Imagine un tuyau aussi large qu’un État des U.S.A. et aussi long que la moitié de la Terre. Maintenant, imagine que ce tuyau est rempli d’un gaz chaud se déplaçant à 50 000 km/h. Puis imagine que ce tuyau n’est pas fait de métal mais d’un champ magnétique transparent. Tu viens de te représenter un jeune spicule parmi les milliers qui recouvrent le Soleil actif. La photographie ci-contre est peut-être l’image de plus haute résolution jamais prise de ces énigmatiques tubes de flux solaire.
Les spicules emplissent la photo ci-dessus de la région solaire active 10380 traversant le Soleil en juin 2013, ils sont particulièrement évidents sous l’aspect d’un tapis de tubes sombres sur la droite. Les spicules durent environ 5 minutes, naissant sous forme de longs tubes de gaz s’élevant rapidement puis s’éteignant à mesure que le gaz atteint sa plus haute altitude et retombe sur le Soleil.
Les spicules seraient le produit des ondes acoustiques qui traversent le Soleil. L’origine de ces jets de plasma qui partent de la partie supérieure de chromosphère solaire, à la vitesse de 20Km/s, et pénètrent la région extérieure de l’atmosphère solaire sur des milliers de kilomètres, sont encore grandement inexpliqués, bien qu’on les observe en permanence (quelque 100.000), essentiellement en raison de leur brièveté et de leur faible dimension.

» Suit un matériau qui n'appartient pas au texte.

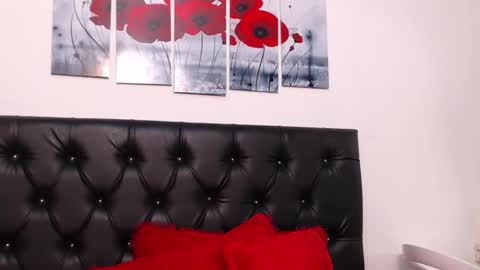 Snapshot of pinky_f00x chatting on October 8, 2025, 1:25 am pinky_f00x online show from October 8, 2025, 1:25 am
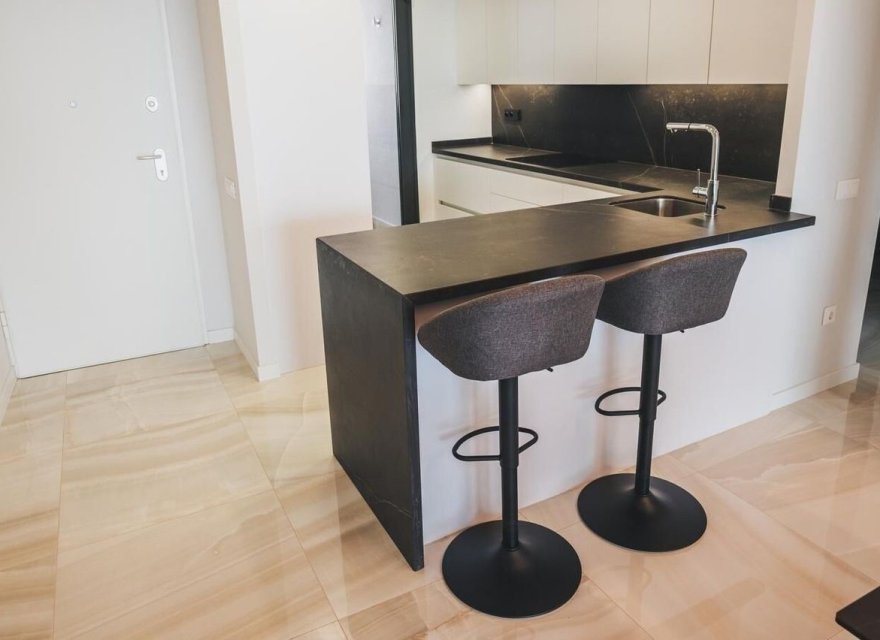 Resale - Apartment - Benidorm - Playa de Poniente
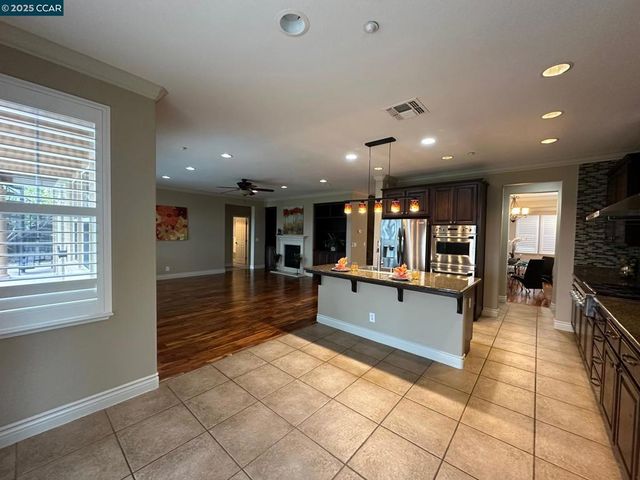 228 Mountain View Dr, Brentwood, CA 94513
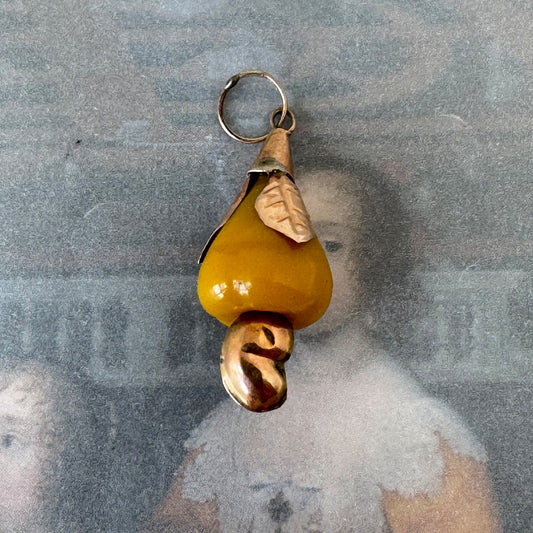 Antique 9k Gold Fruit Charm, Carved Bakelite, Fruit, 1940's, 9 ct Gold, Amulet, Pendant, Cashew Fruit Charm, Tropical Fruit Pendant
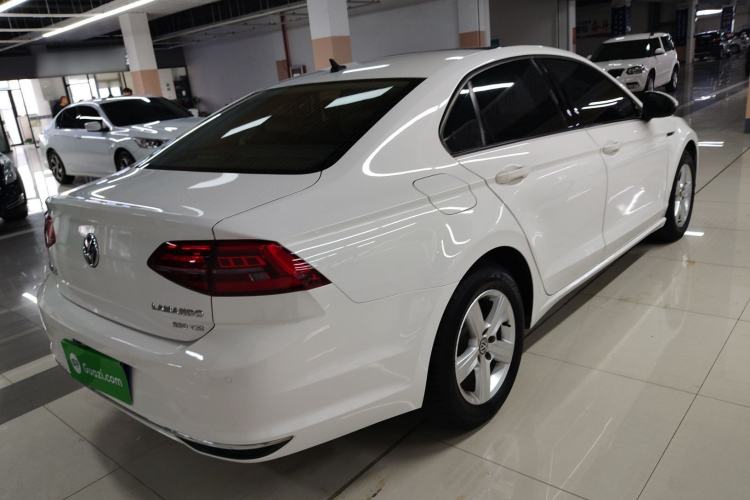 Used Volkswagen Lamando 2019 230TSI DSG Fashion Edition China VI Rear Right 45 Deg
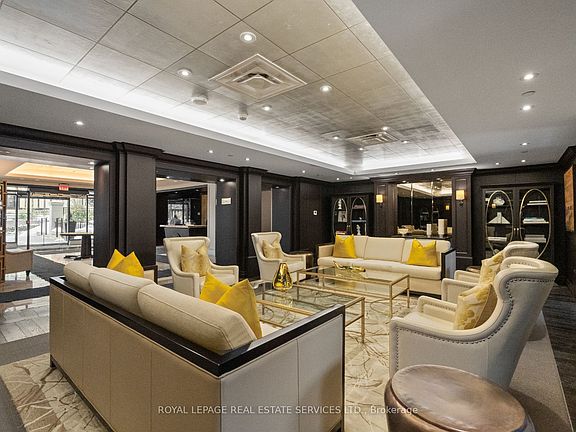 3rd image of 30 Old Mill Rd Unit 512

Ces spicules n’ont pas plus de 500 km de diamètre et leur durée de vie va de cinq à dix minutes: après s’être élevés parfois jusqu’à 16.000 km, ils retombent et s’évanouissent avant de réapparaître, quasiment au même endroit et avec une même périodicité (Pour en savoir plus vois la vidéo jointe en cliquant sur l’image ci-dessus).
Le Soleil vibre en permanence, et selon plusieurs modes d’oscillation : les modes de gravité et les modes acoustiques (dits “modes p”), dus à la pression). Une étude scientifique a pu montrer que la périodicité des spicules était essentiellement due aux modes p de résonance du Soleil, de période identique (cinq minutes). Si ces oscillations de la surface de Solei s’évanouissent généralement avant d’atteindre l’atmosphère solaire, il arrive que, dans certaines conditions, elles l’atteignent. Elles engendrent alors une onde de choc qui propulse du plasma de la chromosphère et forme un spicule. En modélisant ce fonctionnement les chercheurs peuvent prévoir maintenant avec une grande précision l’apparition de ces spicules.
Les spicules emportent plus de cent fois la masse qui s’échappe en permanence du Soleil – électrons, protons et autres particules énergétiques, à raison de deux millions de tonnes par seconde : le vent solaire.
Avec cette modélisation, il va être maintenant possible d’étudier ce que représente, dans le vent solaire, la masse de plasma apportée par les spicules dans la couronne solaire. On pourra aussi mieux comprendre la formation de ce vent solaire qui parvient jusqu’à la Terre et au-delà, endommageant parfois au passage les satellites en orbite et perturbant gravement la haute atmosphère terrestre.